Talvez a coisa mais importante que as pessoas devam perceber sobre essas epidemias seja que a disseminação da epidemia em qualquer país ponha em perigo toda a espécie humana. Isso ocorre porque os vírus evoluem. Vírus como a corona se originam em animais, como os morcegos. Quando eles pulam para os seres humanos, inicialmente os vírus estão mal adaptados aos seus hospedeiros humanos. Enquanto se replicam em humanos, os vírus ocasionalmente sofrem mutações. A maioria das mutações é inofensiva. Mas, de vez em quando, uma mutação torna o vírus mais infeccioso ou mais resistente ao sistema imunológico humano – e essa cepa mutante do vírus se espalha rapidamente na população humana. Como uma única pessoa pode hospedar trilhões de partículas de vírus que sofrem replicação constante, toda pessoa infectada oferece ao vírus trilhões de novas oportunidades para se tornar mais adaptado aos seres humanos. Cada transportadora humana é como uma máquina de jogo que fornece ao vírus trilhões de bilhetes de loteria – e o vírus precisa comprar apenas um bilhete vencedor para prosperar.
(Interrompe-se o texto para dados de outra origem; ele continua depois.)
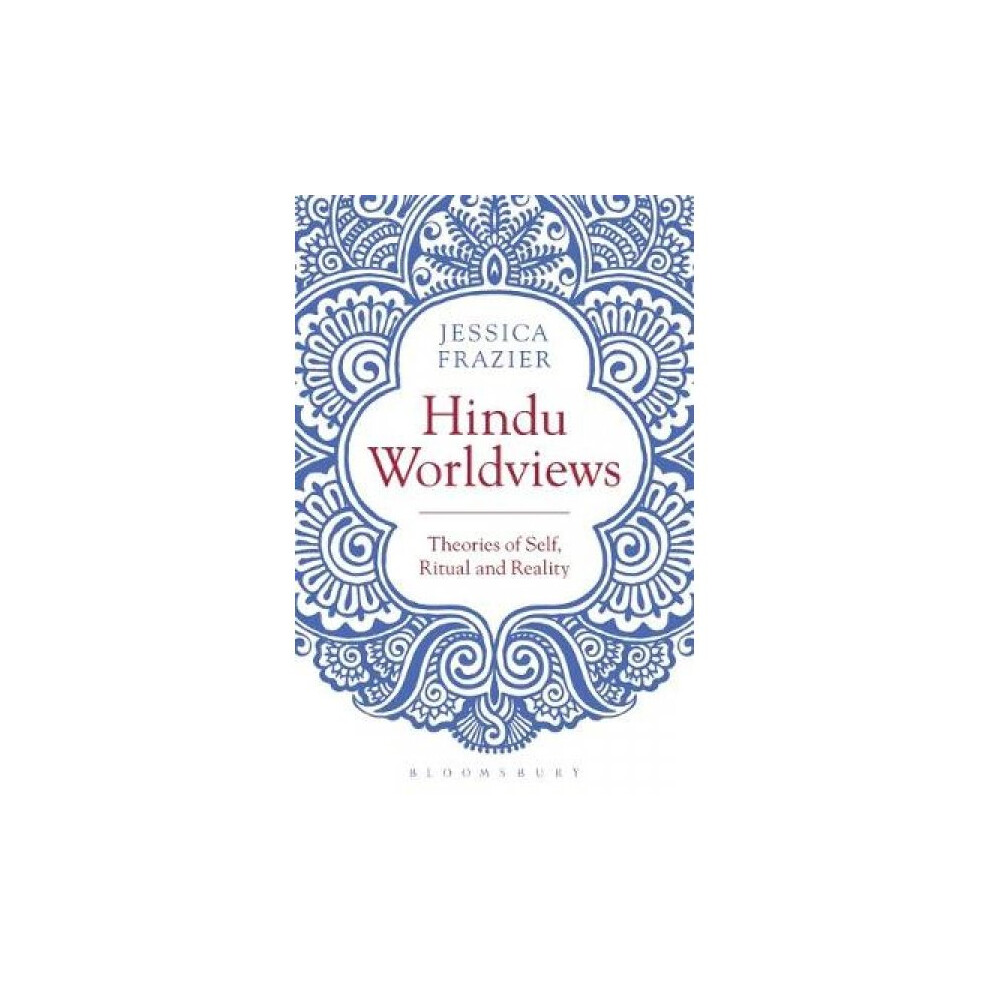 Hindu Worldviews by Jessica Frazier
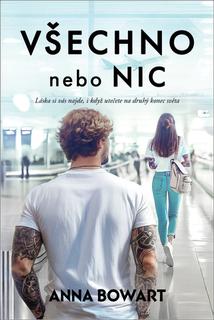 Kniha: Všechno nebo nic - Anna Bowart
Enquanto você lê essas linhas, talvez uma mutação semelhante esteja ocorrendo em um único gene no coronavírus que infectou uma pessoa em Teerã, Milão ou Wuhan. Se isso de fato está acontecendo, é uma ameaça direta não apenas aos iranianos, italianos ou chineses, mas também à sua vida. Pessoas de todo o mundo compartilham um interesse de vida ou morte em não dar ao coronavírus essa oportunidade. E isso significa que precisamos proteger todas as pessoas em todos os países.

Na luta contra vírus, a humanidade precisa proteger estreitamente as fronteiras. Mas não as fronteiras entre os países. Pelo contrário, precisa proteger a fronteira entre o mundo humano e a esfera do vírus. O planeta Terra está se unindo a inúmeros vírus, e novos vírus estão em constante evolução devido a mutações genéticas. A fronteira que separa essa esfera de vírus do mundo humano passa dentro do corpo de todo e qualquer ser humano. Se um vírus perigoso consegue penetrar nesta fronteira em qualquer lugar do mundo, coloca toda a espécie humana em perigo.

Ao longo do século passado, a humanidade fortaleceu essa fronteira como nunca antes. Os modernos sistemas de saúde foram construídos para servir de barreira nessa fronteira, e enfermeiros, médicos e cientistas são os guardas que a patrulham e repelem os invasores. No entanto, longas seções dessa fronteira foram deixadas lamentavelmente expostas. Existem centenas de milhões de pessoas em todo o mundo que carecem de serviços de saúde básicos. Isso coloca em perigo todos nós. Estamos acostumados a pensar em saúde em termos nacionais, mas fornecer melhores cuidados de saúde para iranianos e chineses ajuda a proteger israelenses e americanos também de epidemias. Essa verdade simples deve ser óbvia para todos, mas infelizmente ela escapa até mesmo às pessoas mais importantes do mundo.

Um mundo sem líder

Hoje a humanidade enfrenta uma crise aguda, não apenas devido ao coronavírus, mas também devido à falta de confiança entre os seres humanos. Para derrotar uma epidemia, as pessoas precisam confiar em especialistas científicos, os cidadãos precisam confiar nas autoridades públicas e os países precisam confiar uns nos outros. Nos últimos anos, políticos irresponsáveis ​​minaram deliberadamente a confiança na ciência, nas autoridades públicas e na cooperação internacional. Como resultado, agora estamos enfrentando esta crise desprovida de líderes globais que podem inspirar, organizar e financiar uma resposta global coordenada.

Xenofobia, isolacionismo e desconfiança agora caracterizam a maior parte do sistema internacional. Sem confiança e solidariedade global, não seremos capazes de parar a epidemia de coronavírus, e provavelmente veremos mais dessas epidemias no futuro. Mas toda crise também é uma oportunidade. Esperamos que a epidemia atual ajude a humanidade a perceber o grave perigo que representa a desunião global.

Neste momento de crise, a luta crucial ocorre dentro da própria humanidade. Se essa epidemia resultar em maior desunião e desconfiança entre os seres humanos, será a maior vitória do vírus. Quando os humanos brigam – os vírus dobram. Por outro lado, se a epidemia resultar em uma cooperação global mais estreita, será uma vitória não apenas contra o coronavírus, mas contra todos os patógenos futuros.